These observable items are proxies that express several dimensions of OI. Accreditation by RENIECYT enables firms to receive funds for the implementation of research, development and innovation activities with its internal capabilities or in collaborative agreements; having linkages with academic parties supposes a mutual exchange of knowledge and exposure to new information (Huizingh 2011; Wang and Zhou 2011); awarding quality certification reflects openness to diverse outside sources (Alvarez and Bernal 2017; Teran et al. 2011); using IT to support internal innovation processes and to make them have better productivity and automation in their processes show interaction and absorption of external knowledge and effort to acquire technology and purchase embodied knowledge (Adamides and Karacapilidis 2018; Marilungo et al. 2016; West and Bogers 2017).
It is supposed that companies performing more than two activities are getting a higher level of innovation in a more complex and systematic way that involves a set of practices related to search and screening, collaborative processes and purchase of knowledge as core dimensions of OI (Ebersberger, Bloch, Herstad and Van 2012). The arithmetic mean of LRC/U, QS, IT, and APP is calculated too. The measurement of this variable in dichotomous way (OI.qualitative) and in a continuous range (OI.mean) allows to generate a robust model and to contrast the four models generated to study a causal relationship between OI and the innovative and technological capabilities of SMEs.
The four models are:
- LPM with OI.qualitative;
- LPM with OI.mean;
- Binary logistic regression with OI.qualitative;
- Ordinal logistic regression with OI.ordinal.
The independent variable “innovative and technological capabilities of SMEs” (ITC) is an index built using a geometric mean of indicators that were analysed as a proportion yet collected with an ordinal scale. The indicators that built the index are: industrial property records registered (IPRR); R&D projects that generated new products or processes (P-R&D); projects conducted in collaboration with public or private research centres (P-LRC/U); failed projects (P-F); failed projects in collaboration (P-FLRC/U); projects cancelled after investing 50% or more of the value of the project in collaboration (P-C50); overseas projects involving technology transfer (P-ITT); cost-benefit ratio of completed R&D projects (P-CBR) (Chesbrough 2007; Chesbrough and Crowther 2006; Gassmann et al. 2010; Kirschbaum 2005; Schroll and Mild 2011). The temporality of these indicators was retrospective over three years.
It was used an integrated independent variable through a geometric mean, in this case, the same index reflects on the learning or experience in projects that fail against those which succeed; in this moment, there is a global interest about OI to use an integrated variable (Chesbrough 2017; Ragin 2014; Schneider and Wagemann 2012). According to the methodology, the collection of indicators was measured along an ordinal scale, then the proportion of these was calculated, and finally this proportion was incorporated into the index.

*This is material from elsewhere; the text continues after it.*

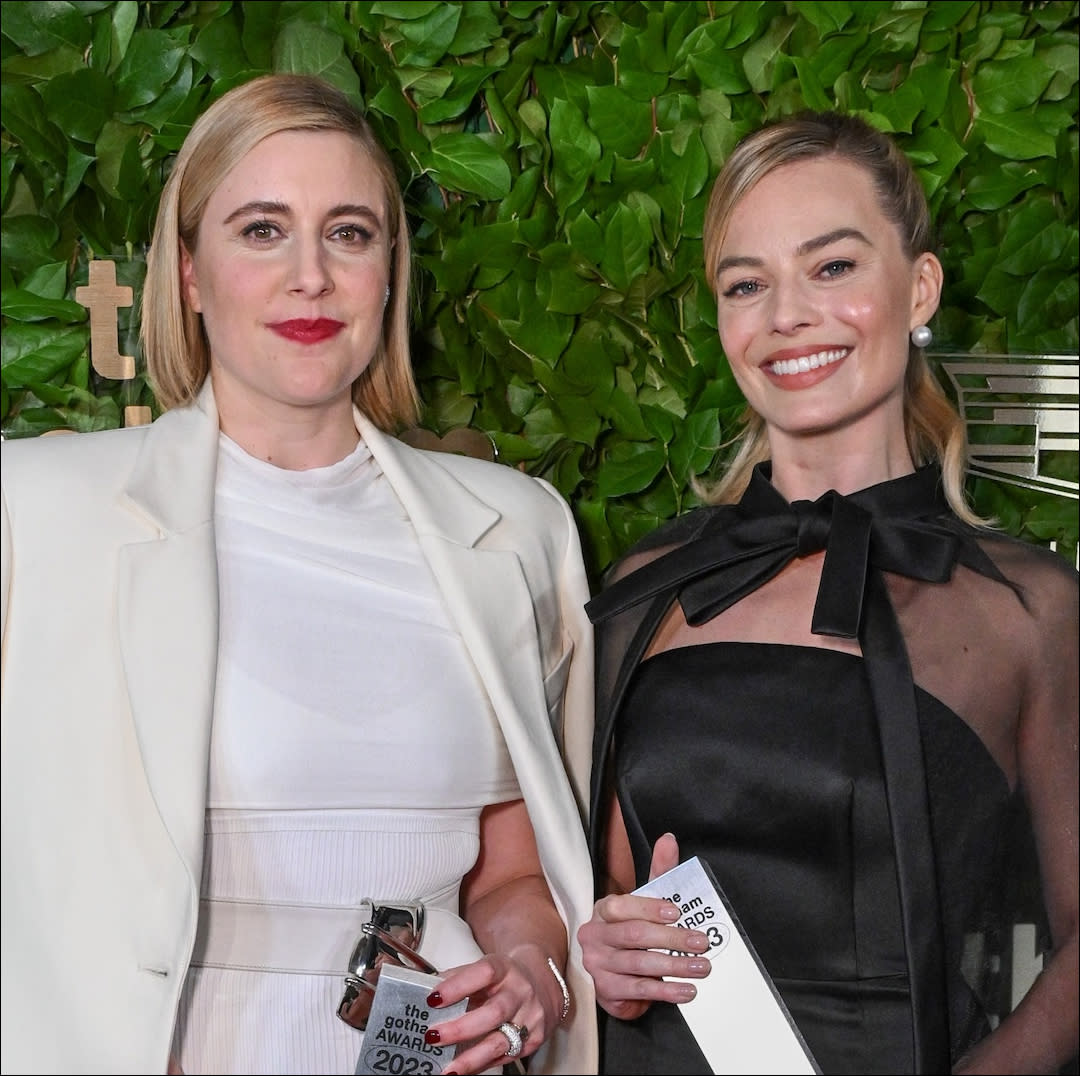  A woman (greta gerwig) in white and a woman (margot robbie) in black, both holding silver awards.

As mentioned in section three, 33 companies were studied. The features of this sample are shown in Table 1. In respect of the quality of their processes, the certification issued to the footwear companies is the Mexican Shoes Quality (MSQ). This certification deals with human capital, product and process development, product planning, production scheduling and control, layout, engineering, cost management, commercial management, supply chain integration and collaboration with knowledge suppliers.
Table 1
Features of the sample
Feature |
Ratio (%) |
Companies registered in the RENIECYT |
48.5 |
Companies certified in MSQ |
21.2 |
Companies linked with a research centre or university |
23.8 |
Companies that have made any kind of innovation |
51.8 |
Companies that have introduced a new product to market. |
18.5 |
Companies that have innovated in design of product. |
100 |
Companies that have access to new markets. |
18.5 |
Companies that incorporate IT in the operation of their processes. |
87.9 |
Companies that use Enterprise Resource Planning platforms. |
18.2 |
Source: Data collected by the authors.
With respect to the incorporation of information technology (IT) in the operation of processes, according to fieldwork, companies use their own developments, with which they control the production process; also, they use commercial administrative systems for the operation of finance and distribution. Usually they consolidate their information manually using spread sheets.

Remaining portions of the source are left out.